Many of the themes in Prom 44 pulled together in Louis Andriessen's  De Snelheid (Velocity) (1984). Two identical groups (saxophone, brass, piano at the sides, flutes, harps, keyboards in the front and centre back what Andriessen calls "Buddha", woodblock percussion that operates as a giant metronome. Regular, unvarying pulse, but one which speeds up quicker and quicker until you can't count the beats. Any faster and the player might disintegrate. It's gloriously punchy and exuberant, but must be hell to play and keep together.

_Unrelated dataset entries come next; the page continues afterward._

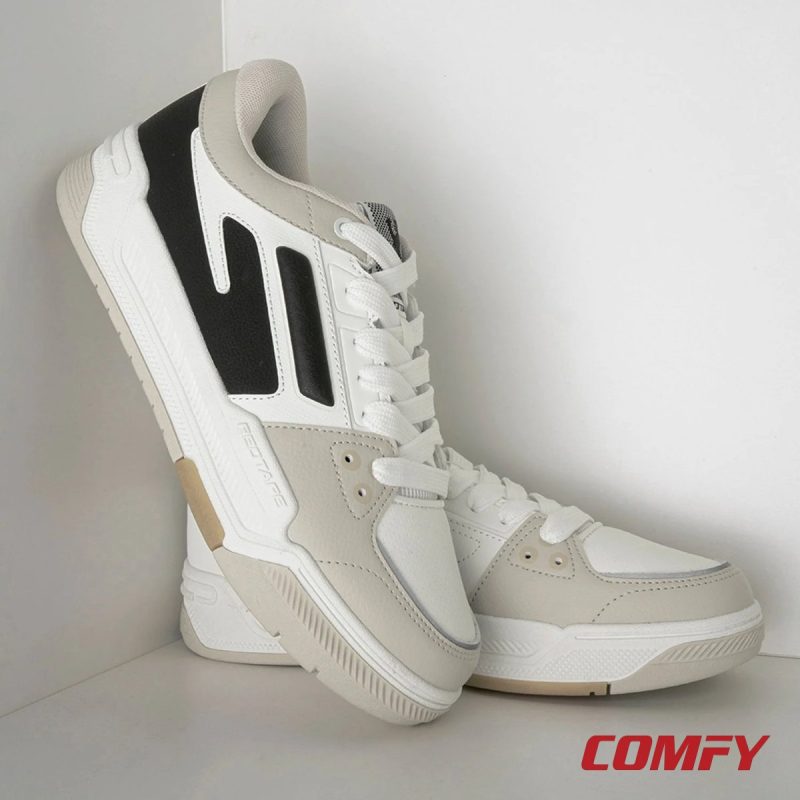 Aesthetic studio shot of a pair of Red Tape lifestyle sneakers leaning in a white corner.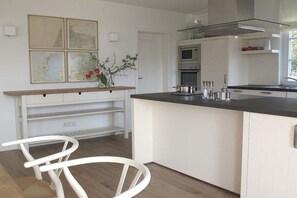 Eine moderne Küche mit weißen Schränken, einer schwarzen Arbeitsplatte und einem eingebauten Backofen.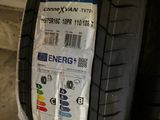 tires are stacked on top of each other in a garage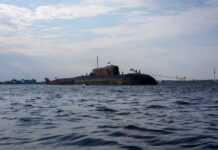 A submarine in the ocean with people on its surface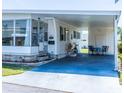 Cozy single-story home with a covered carport, quaint front entry, and cheerful decor elements at 18675 Us Highway 19 N # 140, Clearwater, FL 33764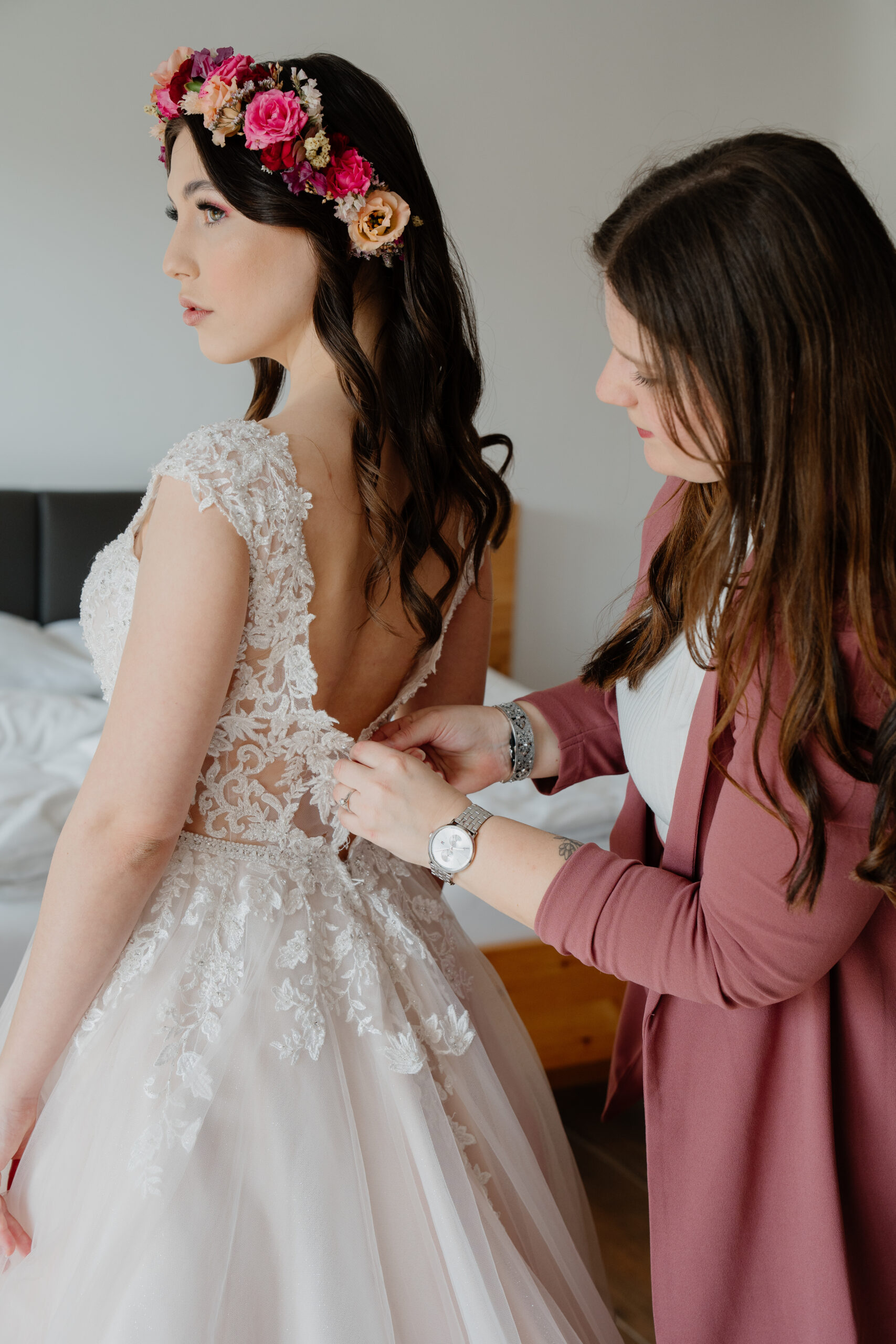 Hochzeitsplaner hilft Braut in ihr Brautkleid und macht am Rücken alle Knöpfe zu, Laura Kohlbacher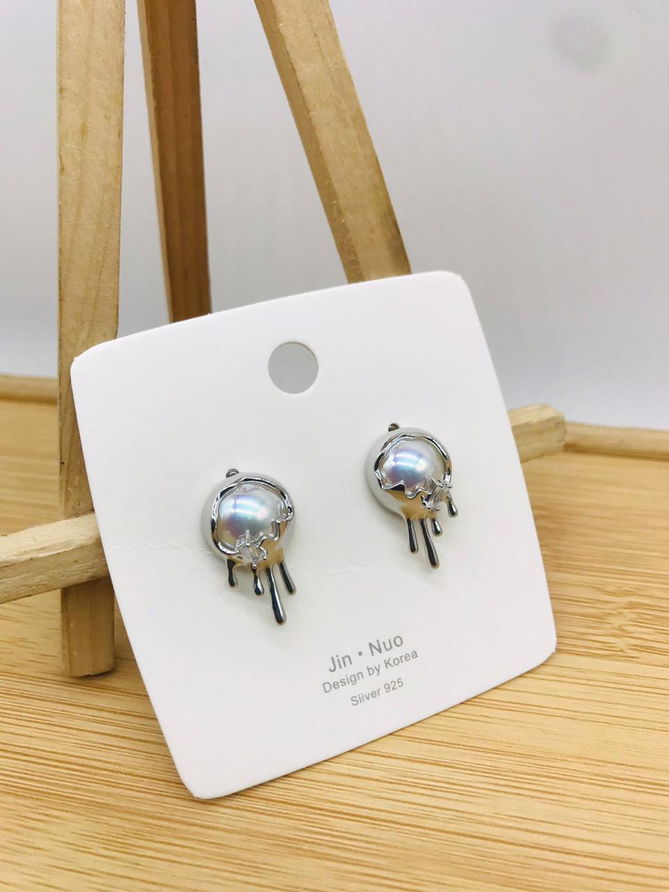 AD Diamond Steel And Rose Gold Party Wear Earrings 42
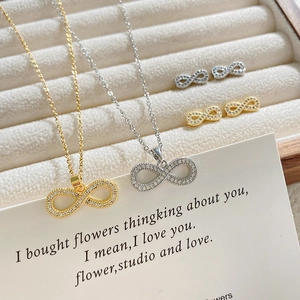 Infinity titanium steel jewelry set with full zircon inlay in gold and silver finish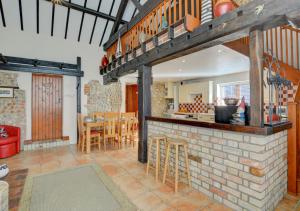 a kitchen and dining area of a home with a bar at Swallow Barn in Bodham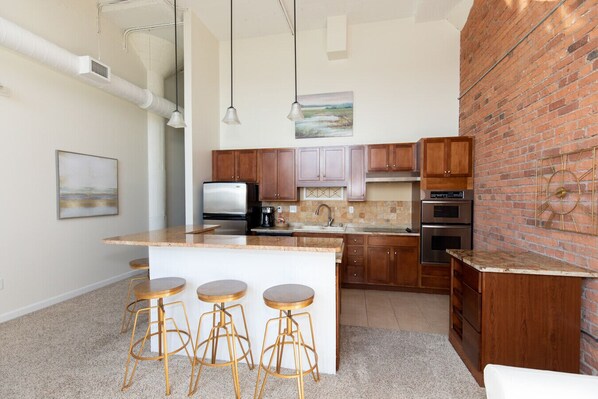 Una cocina moderna con una isla central, taburetes de bar, electrodomésticos de acero inoxidable y una pared decorativa de ladrillo.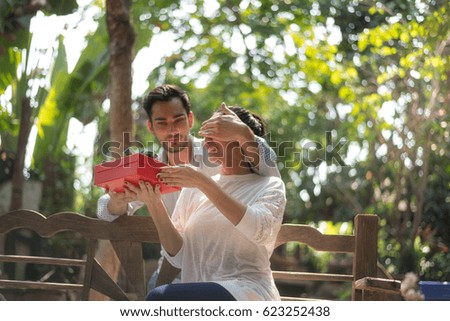 Selective focus at red box. happy business family couple surprising each other with red box presents. Husband closing eyes of his excited wife. cozy moments in summer holidays in the backyard.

The London Sinfonietta have Andriessen's idiom under their skins, so to speak, and have been playing him for years. André Ridder conducted, stylishly.

And then silence. Or not.  After 60 years, John Cage's notorious 4'33 still draws howls of rage from fundamentalists who don't think about what they listen to.  Cage makes us think about the art of listening, why and how we process what we hear around us. 4'33 is like a Cage Musicircus, where we're presented with layers of multiple stimuli. Every "performance" is unique, created by chance and happenstance. Unfortunately at the Proms everyone keeps reverently silent which defeats the purpose. But 4'33 is "music you can perform at home" at any time.  Indeed, in our 24/7 world of mass instant communication, ruled by technology, we need to heed Cage more than ever.

This Prom ended as performance art, volunteers texting randomly, like in an installation space. A cheeky concept!  But fun.